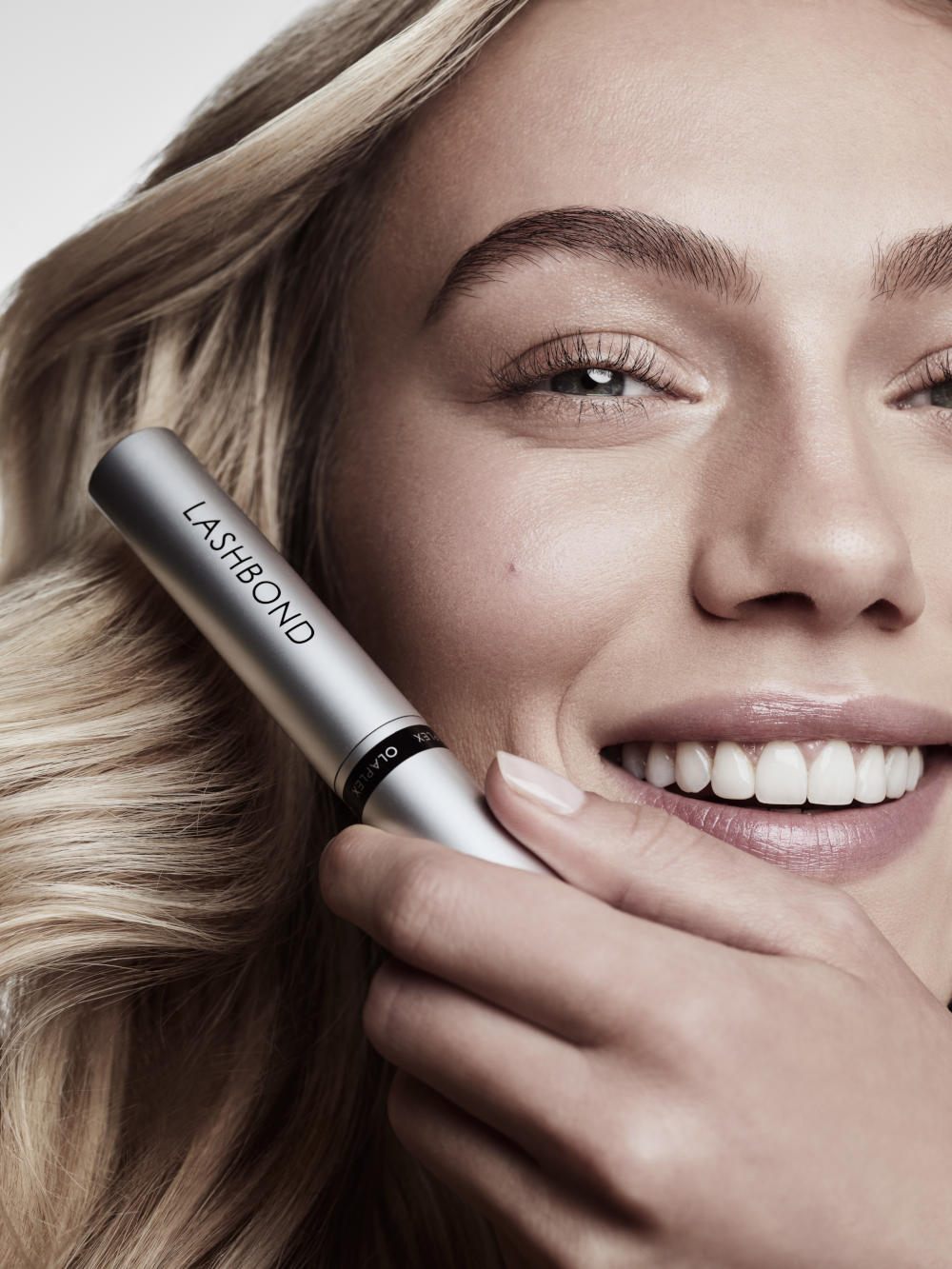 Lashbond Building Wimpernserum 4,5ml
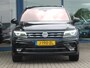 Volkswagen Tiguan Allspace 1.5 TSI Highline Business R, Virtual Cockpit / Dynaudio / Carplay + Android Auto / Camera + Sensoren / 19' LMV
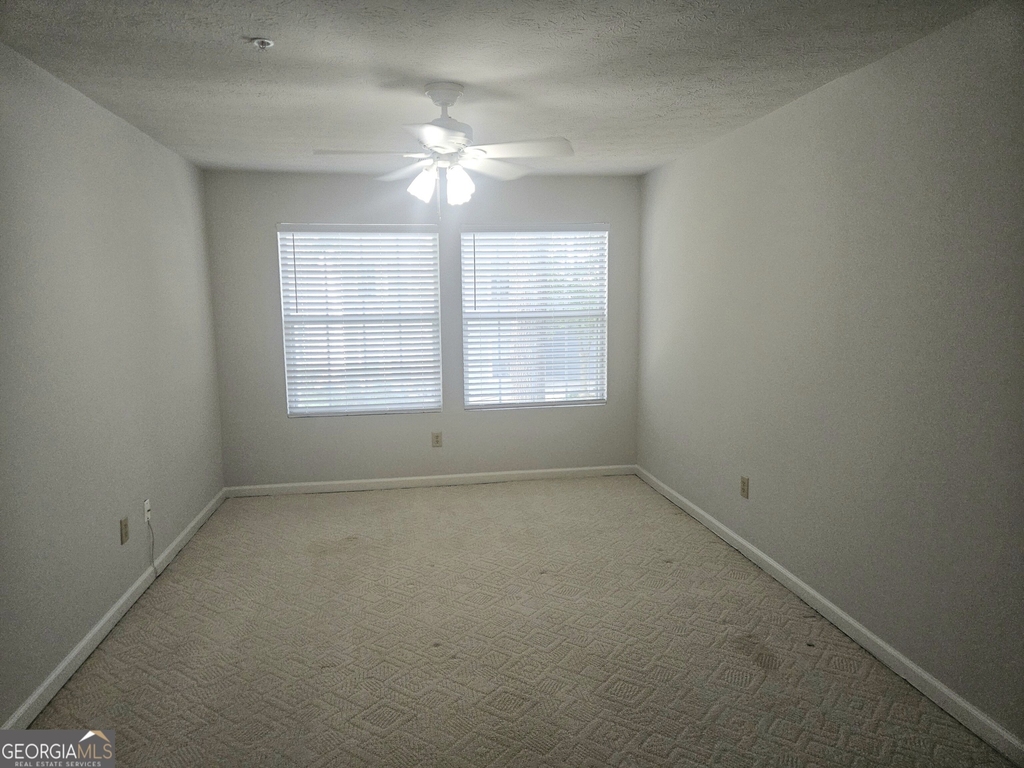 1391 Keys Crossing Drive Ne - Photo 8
▬▬▬▬▬▬
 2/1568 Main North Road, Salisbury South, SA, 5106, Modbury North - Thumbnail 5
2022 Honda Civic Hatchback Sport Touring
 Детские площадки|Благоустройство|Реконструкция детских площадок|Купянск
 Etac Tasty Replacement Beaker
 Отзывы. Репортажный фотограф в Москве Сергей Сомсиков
▬▬▬▬▬▬
» **Exercise**: Output exactly one stretch of the listing: from the line containing "2/1568 Main North" through the line containing "Отзывы. Репортажный фотограф", both end lines included.

» **Answer for this exercise**:
 2/1568 Main North Road, Salisbury South, SA, 5106, Modbury North - Thumbnail 5
2022 Honda Civic Hatchback Sport Touring
 Детские площадки|Благоустройство|Реконструкция детских площадок|Купянск
 Etac Tasty Replacement Beaker
 Отзывы. Репортажный фотограф в Москве Сергей Сомсиков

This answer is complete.